Let’s Get Serious About Breath Support

by Ann S. Utterback, Ph.D. on November 5, 2015

Blowing BubblesI’ve written many posts on breathing, but I think it’s time to take it up a notch.

Breathing is the energy for speech, and not having good breath support is like driving a car with watered down gasoline.  It won’t take you very far.  Good breath support means you can control your exhalation.

You want breath support that will allow you to talk for a long time on one breath of air and also use that air to indicate emotional changes, and rate and volume variations.  Breath support also prevents trailing off at the ends of your sentences, which can lead to the dreaded glottal fry (click here for more on glottal fry).

Let’s begin with a very simplified look at how the lungs work when we breathe.  When talking about breath support, I like to think of the lungs as balloons.  We have the ability to hold the neck of a balloon and let the air out very slowly or we can release the neck and let the air burst out.  We do much the same things with our abdominal muscles when we speak as we do with our fingers on that balloon.  The abdominal muscles allow us to control the release of air.

But it takes some skill and training to be able to get that abdominal control of the breath.  Let’s look at some hardcore exercises that will help create that support.

First, the basic exercise I love for building breath support is to take a deep abdominal-diaphragmatic breath (if you aren’t familiar with this type of breathing, click here for my video that has a full explanation) and then on one exhalation count out loud as high as you can.  You should be able to count to at least fifteen.  If you can (or can’t) keep doing this exercise and try to add a number each day.  Over time you should be able to get to twenty-five seconds or higher on one breath.

One thing that can sabotage your breath support is for air to escape when it shouldn’t, like before you begin to speak or when you pause.  Try this exercise.  Inhale using abdominal-diaphragmatic breathing.  Now, using your pulse as a guide (find this by putting your index and middle fingers on your wrist below your thumb), count out loud for five pulse beats.  After five, pause for a beat, and then continue to ten, pause, and count to fifteen.  You should be able to do this on one breath of air.  If you can’t, pay close attention to see if your exhaling before you begin or at the pauses.

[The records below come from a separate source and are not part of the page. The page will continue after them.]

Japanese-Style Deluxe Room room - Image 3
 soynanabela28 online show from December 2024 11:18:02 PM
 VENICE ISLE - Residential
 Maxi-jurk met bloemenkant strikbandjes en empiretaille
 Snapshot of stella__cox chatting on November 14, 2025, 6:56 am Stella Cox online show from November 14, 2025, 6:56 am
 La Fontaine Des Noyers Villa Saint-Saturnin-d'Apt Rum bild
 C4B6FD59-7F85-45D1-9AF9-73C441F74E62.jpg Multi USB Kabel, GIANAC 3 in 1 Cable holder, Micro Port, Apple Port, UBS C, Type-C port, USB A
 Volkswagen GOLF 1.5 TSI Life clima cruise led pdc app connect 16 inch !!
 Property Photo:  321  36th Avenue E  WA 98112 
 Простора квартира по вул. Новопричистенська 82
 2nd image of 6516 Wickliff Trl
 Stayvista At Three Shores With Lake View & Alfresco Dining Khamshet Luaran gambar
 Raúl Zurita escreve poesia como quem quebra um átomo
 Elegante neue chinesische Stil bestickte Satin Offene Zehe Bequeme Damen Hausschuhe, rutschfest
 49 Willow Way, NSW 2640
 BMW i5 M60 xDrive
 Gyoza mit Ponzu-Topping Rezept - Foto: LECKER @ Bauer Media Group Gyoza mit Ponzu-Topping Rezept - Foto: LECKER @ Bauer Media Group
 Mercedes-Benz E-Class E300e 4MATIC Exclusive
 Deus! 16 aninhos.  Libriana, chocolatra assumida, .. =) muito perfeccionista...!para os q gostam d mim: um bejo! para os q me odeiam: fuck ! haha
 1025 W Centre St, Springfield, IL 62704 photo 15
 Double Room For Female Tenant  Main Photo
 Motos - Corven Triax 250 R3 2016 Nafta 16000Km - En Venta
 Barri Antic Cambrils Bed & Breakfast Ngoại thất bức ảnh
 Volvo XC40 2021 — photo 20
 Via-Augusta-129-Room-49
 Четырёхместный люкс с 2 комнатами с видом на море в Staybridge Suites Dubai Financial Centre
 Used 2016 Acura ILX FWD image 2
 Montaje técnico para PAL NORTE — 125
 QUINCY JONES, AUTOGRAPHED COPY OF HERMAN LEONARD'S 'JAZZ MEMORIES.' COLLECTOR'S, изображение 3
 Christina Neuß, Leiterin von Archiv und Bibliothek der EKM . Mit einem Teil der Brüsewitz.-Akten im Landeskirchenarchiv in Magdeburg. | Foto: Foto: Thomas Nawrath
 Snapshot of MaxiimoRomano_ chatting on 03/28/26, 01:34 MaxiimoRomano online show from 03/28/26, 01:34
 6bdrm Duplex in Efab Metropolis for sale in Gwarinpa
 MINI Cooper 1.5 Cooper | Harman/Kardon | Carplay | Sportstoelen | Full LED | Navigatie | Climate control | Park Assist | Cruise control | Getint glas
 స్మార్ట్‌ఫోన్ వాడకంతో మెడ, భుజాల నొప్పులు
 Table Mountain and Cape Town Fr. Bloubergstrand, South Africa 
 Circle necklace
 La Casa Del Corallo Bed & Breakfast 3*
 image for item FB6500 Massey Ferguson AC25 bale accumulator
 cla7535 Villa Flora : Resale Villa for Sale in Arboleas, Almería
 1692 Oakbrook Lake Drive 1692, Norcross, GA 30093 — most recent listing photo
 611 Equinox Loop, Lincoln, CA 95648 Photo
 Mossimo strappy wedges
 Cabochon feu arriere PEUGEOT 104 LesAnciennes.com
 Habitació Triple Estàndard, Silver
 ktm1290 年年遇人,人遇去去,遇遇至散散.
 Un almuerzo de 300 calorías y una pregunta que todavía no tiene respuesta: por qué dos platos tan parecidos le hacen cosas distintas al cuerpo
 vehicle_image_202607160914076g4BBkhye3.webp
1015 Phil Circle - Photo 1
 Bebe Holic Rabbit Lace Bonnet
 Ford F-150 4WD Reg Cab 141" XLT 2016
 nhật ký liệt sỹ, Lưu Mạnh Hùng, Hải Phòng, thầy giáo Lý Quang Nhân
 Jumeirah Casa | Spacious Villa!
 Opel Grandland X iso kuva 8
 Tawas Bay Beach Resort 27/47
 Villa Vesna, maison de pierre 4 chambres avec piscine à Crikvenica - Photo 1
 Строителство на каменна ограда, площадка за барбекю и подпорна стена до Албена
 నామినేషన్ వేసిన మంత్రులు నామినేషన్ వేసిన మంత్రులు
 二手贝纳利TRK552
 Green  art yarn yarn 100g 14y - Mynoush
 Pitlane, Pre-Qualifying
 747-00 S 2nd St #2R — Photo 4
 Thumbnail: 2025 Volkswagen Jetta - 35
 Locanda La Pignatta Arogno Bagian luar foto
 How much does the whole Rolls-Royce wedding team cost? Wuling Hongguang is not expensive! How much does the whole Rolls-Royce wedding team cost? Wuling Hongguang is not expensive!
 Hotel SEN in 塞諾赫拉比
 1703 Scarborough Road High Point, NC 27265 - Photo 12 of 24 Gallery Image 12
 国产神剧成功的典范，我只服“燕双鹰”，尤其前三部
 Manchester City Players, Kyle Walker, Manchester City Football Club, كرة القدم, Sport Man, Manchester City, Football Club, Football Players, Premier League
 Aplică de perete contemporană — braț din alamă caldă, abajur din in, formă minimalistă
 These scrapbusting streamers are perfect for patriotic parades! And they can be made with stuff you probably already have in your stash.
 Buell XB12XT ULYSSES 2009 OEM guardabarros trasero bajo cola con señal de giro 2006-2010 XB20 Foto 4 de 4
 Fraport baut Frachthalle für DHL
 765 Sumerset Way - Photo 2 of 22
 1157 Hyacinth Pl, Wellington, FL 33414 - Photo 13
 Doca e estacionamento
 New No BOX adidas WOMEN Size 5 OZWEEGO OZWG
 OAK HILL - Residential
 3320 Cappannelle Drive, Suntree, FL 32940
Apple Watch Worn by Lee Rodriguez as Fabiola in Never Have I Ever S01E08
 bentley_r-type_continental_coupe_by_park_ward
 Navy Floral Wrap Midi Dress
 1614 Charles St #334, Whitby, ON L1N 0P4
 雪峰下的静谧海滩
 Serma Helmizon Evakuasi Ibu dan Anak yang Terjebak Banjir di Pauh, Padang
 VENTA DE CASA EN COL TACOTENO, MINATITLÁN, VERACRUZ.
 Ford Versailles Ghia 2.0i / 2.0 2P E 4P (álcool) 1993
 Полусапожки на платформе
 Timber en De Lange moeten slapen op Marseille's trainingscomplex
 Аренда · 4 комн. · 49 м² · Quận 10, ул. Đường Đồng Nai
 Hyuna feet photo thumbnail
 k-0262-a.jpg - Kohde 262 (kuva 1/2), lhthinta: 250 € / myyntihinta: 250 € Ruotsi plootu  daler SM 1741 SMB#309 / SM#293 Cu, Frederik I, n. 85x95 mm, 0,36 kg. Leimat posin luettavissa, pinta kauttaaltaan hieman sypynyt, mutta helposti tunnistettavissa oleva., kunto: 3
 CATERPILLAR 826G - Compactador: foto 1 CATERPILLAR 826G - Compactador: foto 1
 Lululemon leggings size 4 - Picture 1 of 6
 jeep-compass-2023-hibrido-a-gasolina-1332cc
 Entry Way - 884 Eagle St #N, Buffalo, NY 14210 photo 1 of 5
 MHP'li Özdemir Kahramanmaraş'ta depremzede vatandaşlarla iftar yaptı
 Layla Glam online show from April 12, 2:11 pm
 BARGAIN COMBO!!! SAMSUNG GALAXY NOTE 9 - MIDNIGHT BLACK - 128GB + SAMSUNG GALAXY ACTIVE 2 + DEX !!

Make these exercises part of your week so that your breath support stays strong.  Get serious about breath support!

{ 2 comments… read them below or add one }

Terry Anzur November 5, 2015 at 10:46 am

Another great column, Ann. But for professional broadcasters, I don’t think 15 is high enough.

Ann S. Utterback, Ph.D. November 5, 2015 at 12:39 pm

You’re exactly right, Terry. You’ll note that I recommend working up to 25 on one breath of air. Most of my clients have been able to do that. If they’ve been trained on a wind instrument or been a singer, they may be able to go even higher.